By Molly Snyder Senior Writer Published Mar 21, 2025 at 12:02 PM

If “N is for Neville who died of ennui” means something to you, this upcoming show from Present Music is a must-see.

In honor of what would have been illustrator Edward Gorey’s 100th birthday, Carla Kihlstedt will present “26 Little Deaths” based on the late artist’s darkly humorous alphabet book, “The Gnashlycrumb Tinies.” 

"26 Little Deaths" is one of four pieces in “Into The Wild,” a world premiere event taking place Wednesday, March 26 and Thursday, March 27 at the Jan Serr Studio, 2155 N. Prospect Ave.

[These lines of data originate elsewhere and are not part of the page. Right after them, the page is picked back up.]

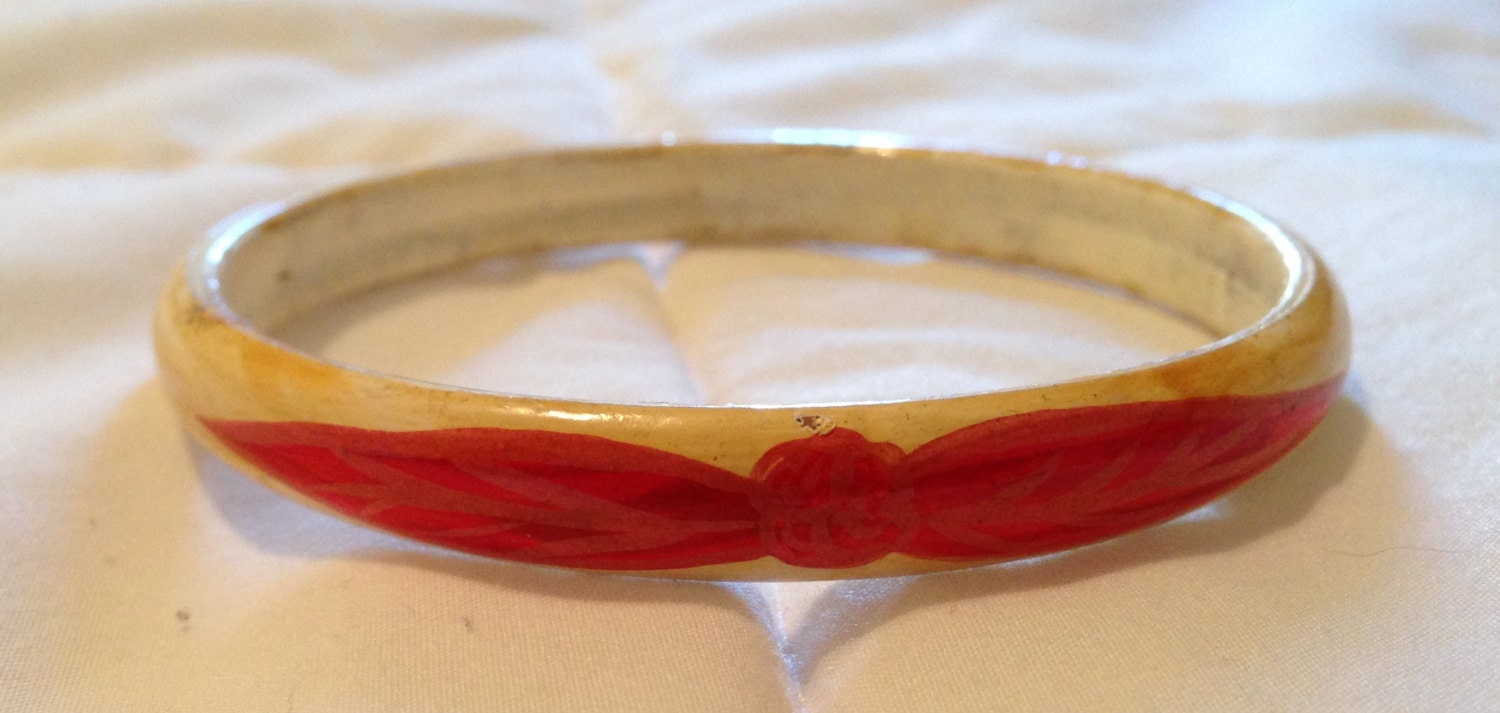 Vintage Wood Bangle Bracelet // Wooden Bangle Bracelet // Womens Bangle Bracelet // Painted Bangle Bracelet // Vintage Italian Bracelet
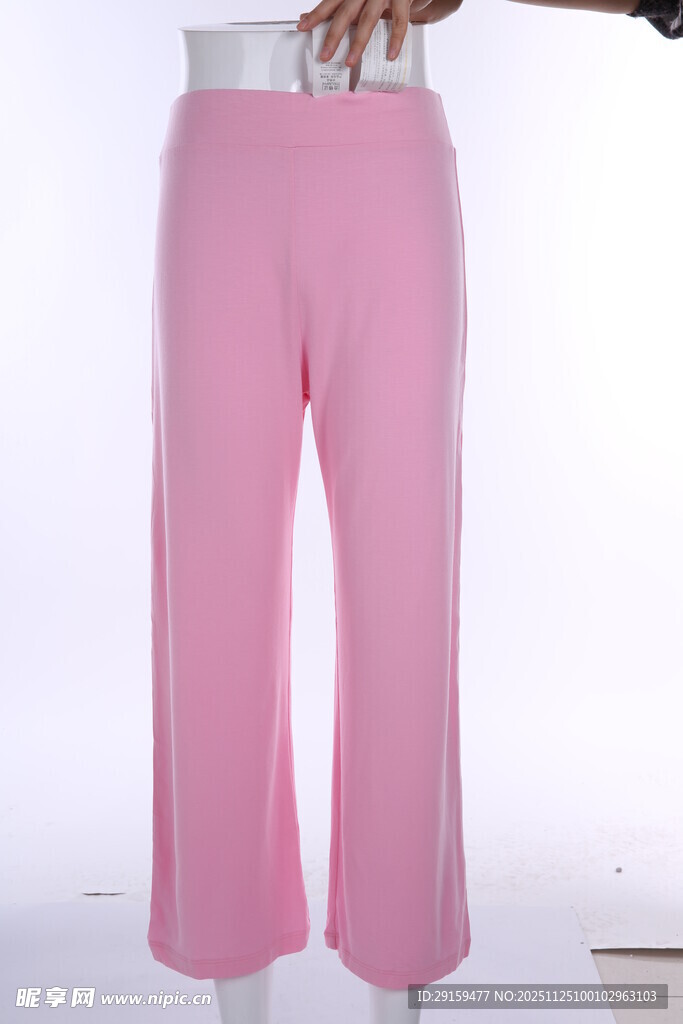 粉色喇叭裤时尚展示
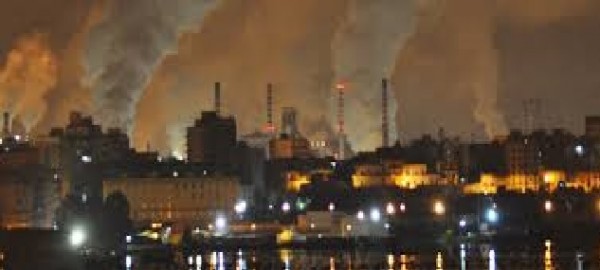 Taranto - Su Ilva il governo non dice nulla di nuovo e la città risponde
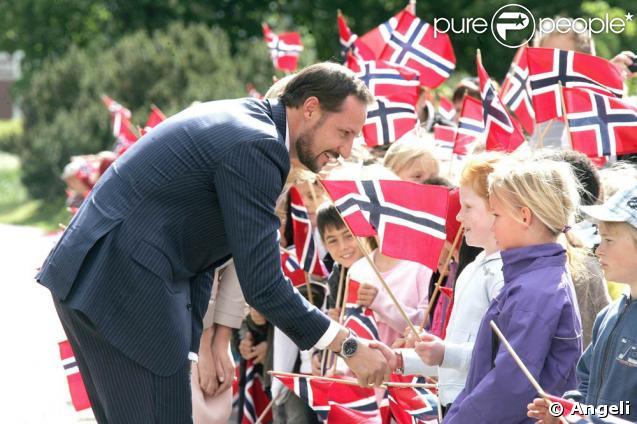 Le prince Haakon et la princesse Mette-Marit de Norvège arrivent au château Hafslund pour une conférence sur le réchauffement climatique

The show also includes "Copper Canvasby GRAMMY®-nominated composer Andy Akiho, which explores the number 29 from the Periodic Table of Elements. The other world premiere will be Turkish American composer Kamran Ince’s "Then, Nothing" which asks big existential questions with colorful passion. Plus, Pulitzer Prize-winner David Lang will present a droll, counterintuitive arrangement of Steppenwolf’s iconic biker anthem "Born to be Wild."

“26 Little Deaths” will be the final piece of the evening. Slides of the illustrations will accompany Kihlstedt’s vocals and violin. The performance will serve as an album-release party for the Kihlstedt-Present Music collaboration from Cantaloupe Music label.

"Gorey mixes the mundane, the inexplicable and the macabre. He under-explains, which is the quickest way to engage the imagination of a hungry reader, child or adult," says Kihlstedt.

OnMilwaukee: What about Edward Gorey's work appeals to you?

Carla Kihlstedt: "A is for Apple, B is for ball, C is for Car, D is for dog..." even as a kid, that seemed boring. Disappointing, even. I'm not diminishing things that are inherently innocuous, simple and sweet. But there is no invitation there. It is just fact. These are closed statements that propose no invitation to the reader. We are simply expected to nod and agree. But "A is for Amy who fell down the stairs." Did she trip? Was she pushed? "B is for Basil assaulted by bears." Why did he get so close to the bears? Where was he? What was he thinking? 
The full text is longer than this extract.